この場合は、学良との徹底的な政治交渉をすべきだと思います。
学良に、国民党への帰順をうながすのです。
降伏勧告でもいいんですけどね。そこは、平和的に従わせましょう。
東三省市民へも納得していただけるよう「これからは国民政府のために働いてもらいたい」と、くれぐれも手厚く。

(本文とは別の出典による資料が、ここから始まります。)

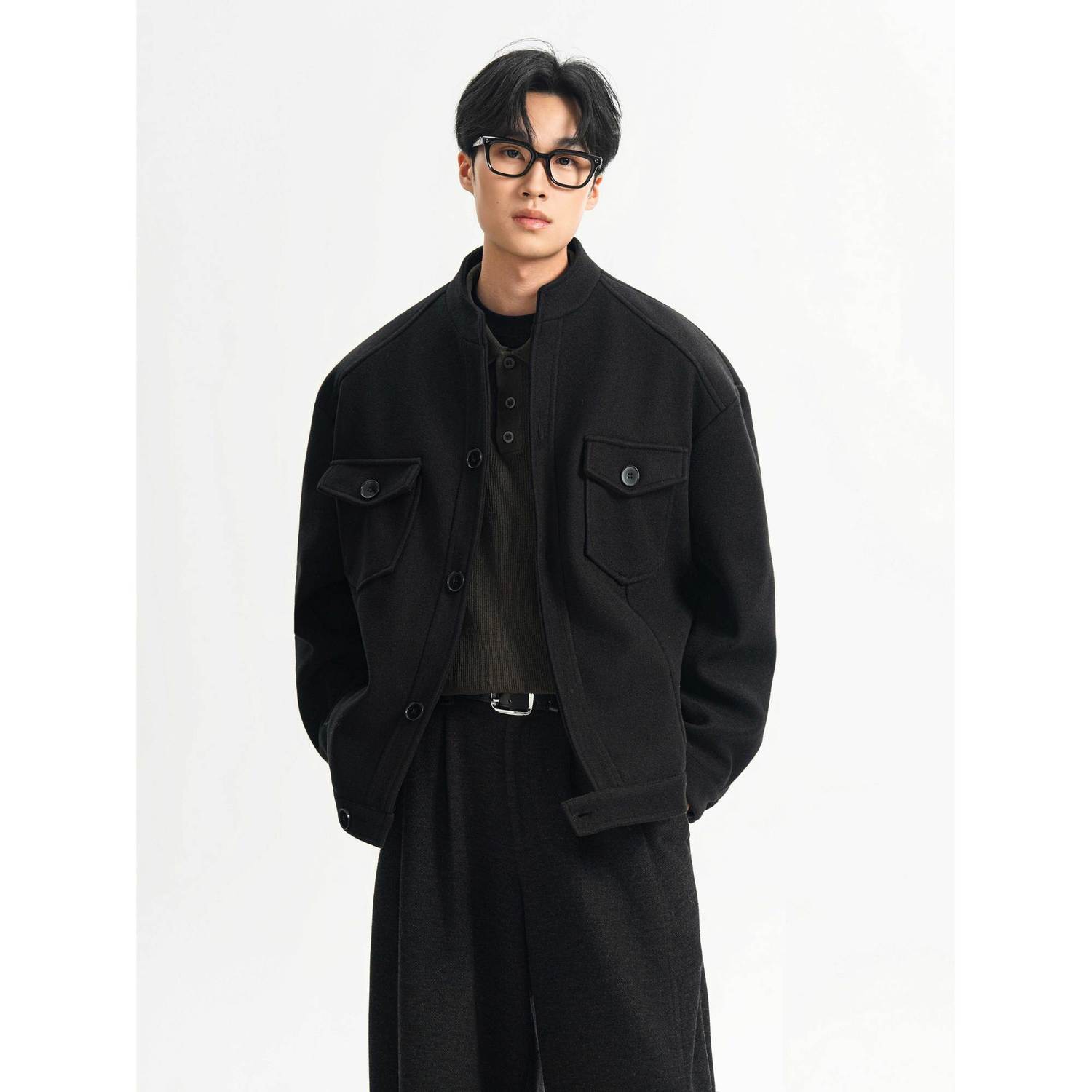 Wool Blend Jacket Man Green He - Health Wellness Training ulasan dan harga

この場合、日本の権益が、ノドに刺さった小骨のごとく、災いの種となります。
満鉄とその付属地。今までは作霖との交渉で、付属地外との境界線だとか、お客を奪い合う並行線への抗議とかの諸問題を調整してきましたが、今後これが南京との交渉になっていくとなると、満鉄の経営力は更に更に低下するでしょう。
そして、ここからもシナリオは分岐していきます。
2-1。
赤字鉄道をギリギリまで支えて、いよいよ倒産寸前になってから支那へ売却。だと、大した金額にはなりませんね。

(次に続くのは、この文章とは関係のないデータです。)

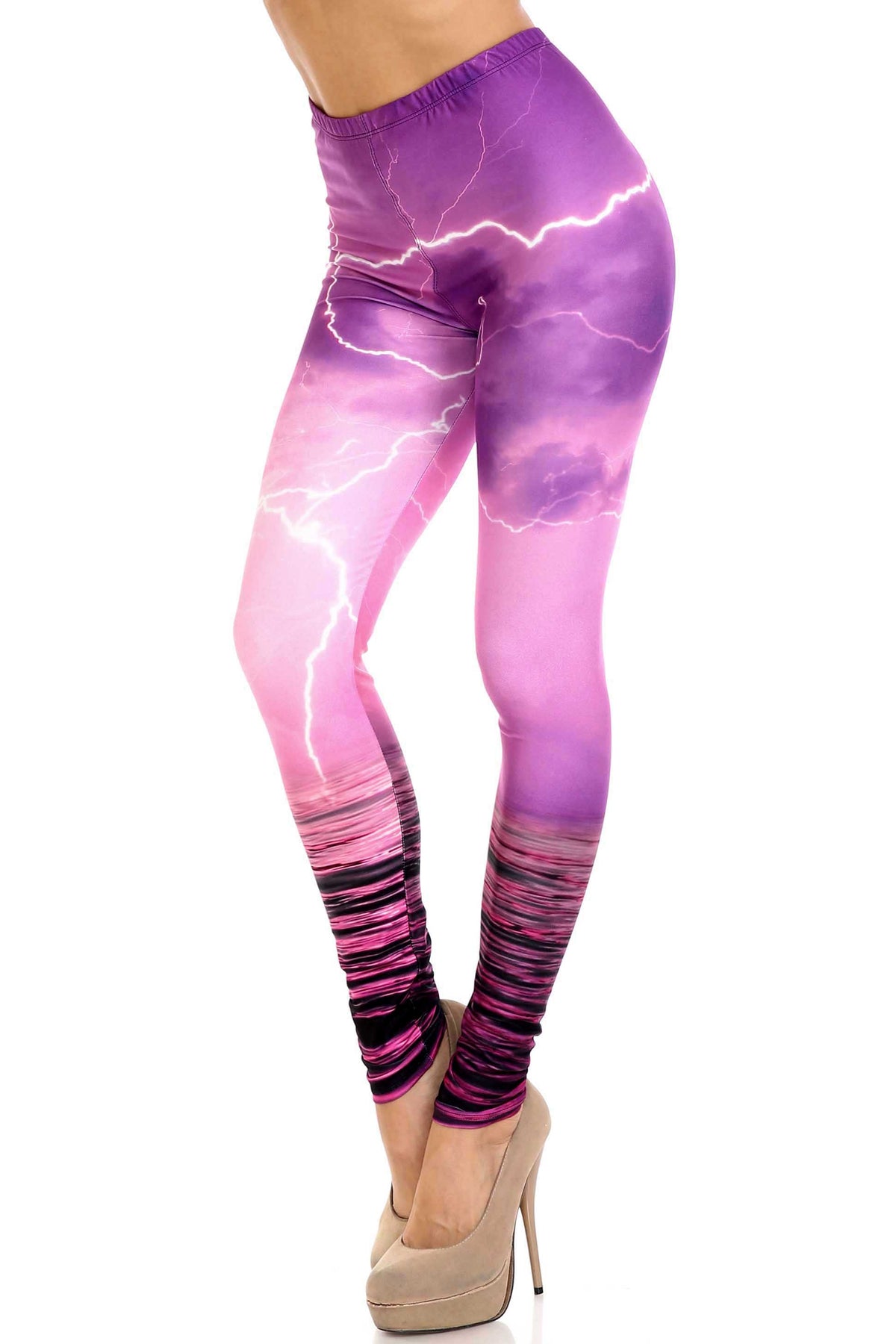 Creamy Soft Pink Lightning Storm Leggings - USA Fashion (One Size Regular,Fuchsia)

思い出一杯詰まった会社を手放せない、創業者が陥りがちなパターンです。
2-2。
これ以上の時間をかけるべきではない。そう見切りをつけて今のうちに満鉄を売却。
これもアリです。今なら相当に高く買ってもらえるでしょう。国民政府が払うのに何十年もかかる金額で。
しかしこれは、日本国内での承認が難しそう。
2-3。
最後は……これは、SFであってほしいところですが。
ヤケになった日本が、国民政府との談合なしで自分から戦端をひらいて、満洲を獲っちゃうケース。
SFなら、そんなの読みたいですよ。
理由はいくらでもデッチ上げられます。日本人居留民が支那兵から暴行を受けたとか。先方は真逆を主張するでしょうが、済南でも同じことが起きました。
奉天城に学良いるんでしょ?
そこを包囲して、詰め寄って、屈辱的な絶対無条件降伏を強いて調印させれば、半日でカタがつきます。
日本は満洲を乗っ取れます。
ヤバいことに、これ、関東軍がやろうと思えば、できちゃうんですよ。
むしろ、河本だったら、ナゼやらない。
東宮たちに、今すぐ、やらせないんだ?
そんな悪い考えが頭をもたげてしまうんですが。査問の準備で忙しいのかな。
あーあ、今が絶好のチャンスなんだけどなー。
いま北京にいる、蒋介石とそのブレーンたちだって、このくらいのことは考えてると思いますよ。日本の出方をピリピリしながら監視してるはずです。
8月には、さて、どうなっていることやら。